A–D, volcano plots for comparison between SCR-EX and SCR-SED (A), HMGCS2 KD-SED and SCR-SED (B), HMGCS2 KD-EX and HMGCS2 KD-SED (C) and HMGCS2 KD-EX and SCR-EX (D) 48 h after the last bout of exercise during chronic exercise training (5 weeks after AAV injection) (n = 6). E, time spent in the novel arm (seconds) during the testing phase (n = 7–8). Testing was performed in the final (4th) week of endurance training with any animal that did not leave the starting arm excluded from analyses. Representative tracings of each group are shown to the right of the graph. F, BDNF protein expression in the frontal cortex expressed as raw intensity (n = 6). G and H, top upregulated and downregulated proteomic (G) and phospho-proteomic (H) canonical pathways related to synaptic plasticity in HMGCS2 KD-SED compared with SCR-SED (n = 6). I and J, top upregulated and downregulated canonical pathways related to synaptic plasticity in HMGCS2 KD-EX compared to HMGCS2 KD-SED (I), and HMGCS2-KD vs. SCR- EX (J) (n = 6). Orange indicates a positive z-score in the numerator and blue a negative z-score (absolute z-score = 2 for significance). Z-score generated in IPA. Main effect of HMGCS2 KD represented by ^#P ≤ 0.05. Values presented as mean ± SD. Differentially expressed protein, DEP.

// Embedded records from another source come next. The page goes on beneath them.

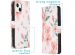 iMoshion Design Softcase Bookcase iPhone 13 - Blossom White
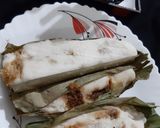 A picture of step 9 of Haldi Patra Pitha/Enduri Pitha(made with turmeric leaves).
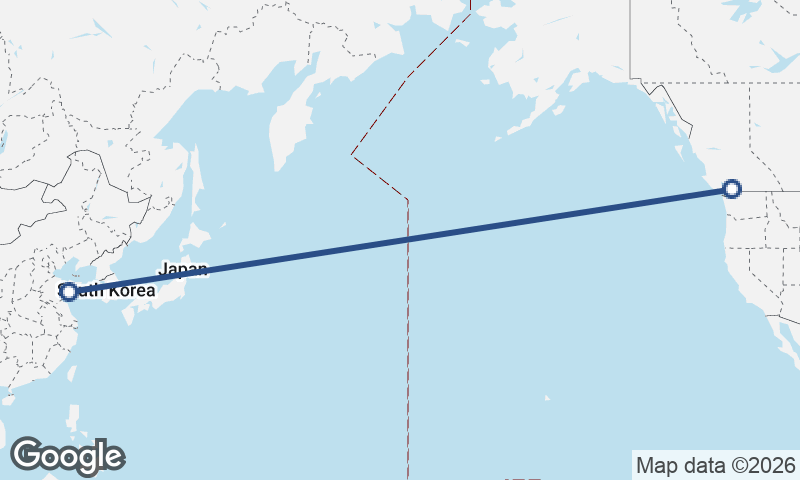 Qingdao to Vancouver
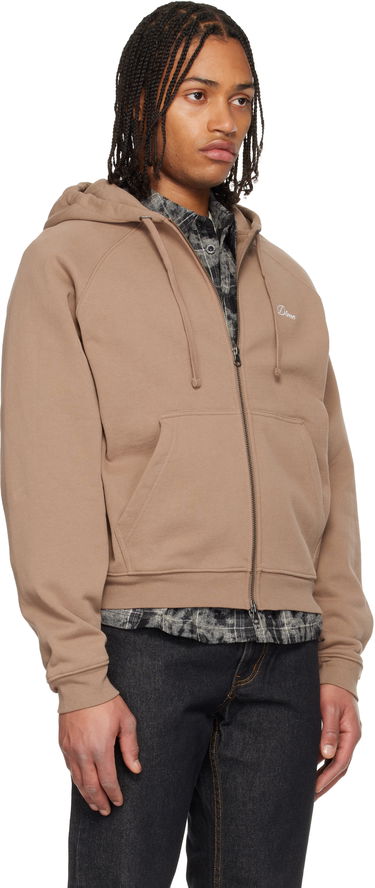 Суитчър Dime Cursive Small Logo Zip Hoodie Бежово | DIMEHO2558SEP, 1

Figure 6.. AAV-mediated knockdown of hepatic HMGCS2 causes mitochondrial calcium overload inversely correlated with state 3 mitochondrial respiration

A and B, canonical signalling pathways revealed from proteomic (A) and phosphor-proteomic (B) IPA analyses. Blue indicates a decrease and orange an increase in HMGCS2-KD compared with SCR-SED rats. C, ADP/ATP translocase 2 (ANT2) protein expression in the frontal cortex expressed as raw intensity (n = 6). D, single-pass membrane protein with aspartate-rich tail (SMDT1) protein expression in the frontal cortex expressed as raw intensity (n = 6). E, correlation between State 3 Complex I + II mitochondrial respiration and SMDAT1 raw intensity in HMGCS2 KD-SED and SCR-SED rats. Z-score generated in IPA. Values presented as mean ± SD.